Ilsenburg (rar). Der CDU-Fraktionsvorsitzende Karl Berke wurde auf der Hauptausschusssitzung am Mittwoch zum Stellvertretende dieses Gremiums gewählt. Dagegen hatte lediglich sein Pendant von der SPD, Wilfried Obermüller, gestimmt. Seine Begründung: "Egal ob im Landtag oder sonstwo – die stärkste Fraktion stellt immer den Vorsitzenden, die zweitstärkste den Stellverteter. Das ist allgemein üblich, und eine symbolische Geste, die man offenbar nur in Ilsenburg durchbricht. Deswegen war ich dagegen."

Bisher hatte es in Ilsenburg keinen Stellvertreter für den Hauptausschussvorsitzenden Denis Loeffke (CDU) gegeben.
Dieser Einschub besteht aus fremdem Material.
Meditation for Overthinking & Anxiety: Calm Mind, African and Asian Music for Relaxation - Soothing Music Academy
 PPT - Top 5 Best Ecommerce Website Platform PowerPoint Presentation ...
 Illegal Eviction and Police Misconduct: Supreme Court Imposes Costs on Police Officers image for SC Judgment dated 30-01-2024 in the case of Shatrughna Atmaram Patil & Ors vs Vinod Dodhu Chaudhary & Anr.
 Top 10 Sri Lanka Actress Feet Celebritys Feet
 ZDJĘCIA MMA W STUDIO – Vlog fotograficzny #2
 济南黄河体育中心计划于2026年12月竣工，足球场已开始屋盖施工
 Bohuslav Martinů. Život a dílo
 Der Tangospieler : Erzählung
Thema war anschließend der Erwerb der Anteile an der Tourismus GmbH (wir berichteten). Derzeit hält die Stadt lediglich 49 Prozent. Bürgermeister Denis Loeffke: "Wir sind aber diejenigen, die die alleinigen Ausgleichslasten im Falle von Defiziten zu tragen haben. Deshalb möchten wir die Mehrheiten haben." Die SPD-Fraktion argumentierte dagegen. "Das ist seinerzeit ganz bewusst so gemacht worden, um die Hoteliers in die Pflichtnehmen zu können", so Wilfried Obermüller.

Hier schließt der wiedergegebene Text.